Parish ACT scores dip
By JEAN L. KAESS
St. Mary Parish high schools experienced an overall decline in composite ACT scores during the 2011-12 school year.
The parish experienced a decline in composite score from 19.8 in 2011 to 19.2.
“This decline could be attributed to an increase in the number of seniors taking the ACT. A record-setting 392 high school seniors participated in the national aptitude test used to measure college-readiness,” Superintendent Donald Aguillard said.
A composite score is a compilation of the English, math, reading and science sections of the American College Test. Statewide, the composite score showed another one-tenth growth from 20.2 to 20.3. Louisiana’s score remains below the national average of 21.1.
Annual component averages reported for St. Mary Parish high schools declined except for seniors at Patterson High School who maintained an 18.7 and West St. Mary, which had an increase from 18.4 to 18.5.

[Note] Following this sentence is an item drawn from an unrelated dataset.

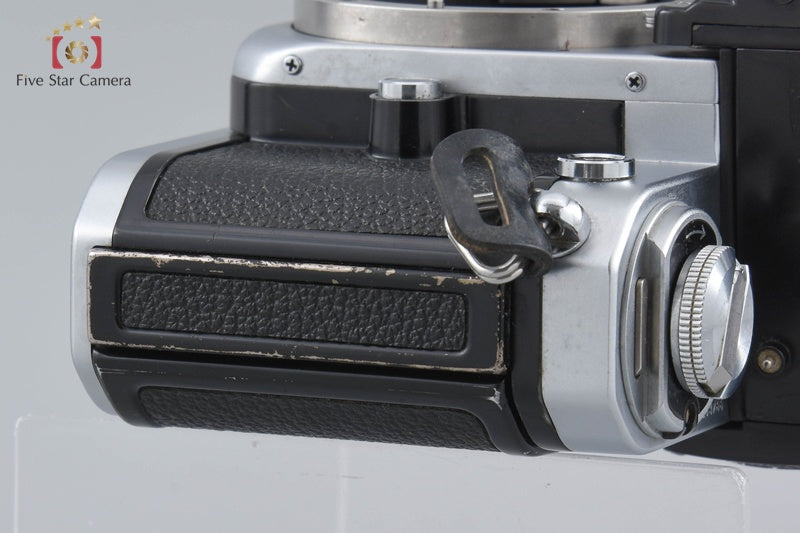 Nikon F2 Photomic A Silver 35mm SLR Film Camera Body [Very Good]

The largest decline was at Centerville High School where the 19 students who took the test in both 2011 and 2012 dropped from an average of 20.3 to 16.9, in respective years.

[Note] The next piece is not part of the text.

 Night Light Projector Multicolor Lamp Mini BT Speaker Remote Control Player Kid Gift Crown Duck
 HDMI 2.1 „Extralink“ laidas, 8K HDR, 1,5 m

To reflect the state’s new rigor in literacy, students in grades 8 to 11 will begin taking the ACT series in 2013 as part of Louisiana’s accountability testing program. In the spring, students in grades 8 and 9 will take the Explore test while sophomores will take the Plan test. Both the Explore and Plan tests help gauge potential ACT scoring ranges, enabling teachers to pinpoint weaknesses for remediation. The state is covering expenses associated with administering both tests as well as ACT testing of all juniors in March, Aguillard said.
St. Mary Parish will provide a practice ACT test session for juniors in November as a means of further preparation and remediation. High schools district-wide are also offering focused ACT prep courses as part of the regular curriculum. In addition, the district also has purchased student licenses from Gale Online that include ACT preparation and practice resources for use at all six local high schools.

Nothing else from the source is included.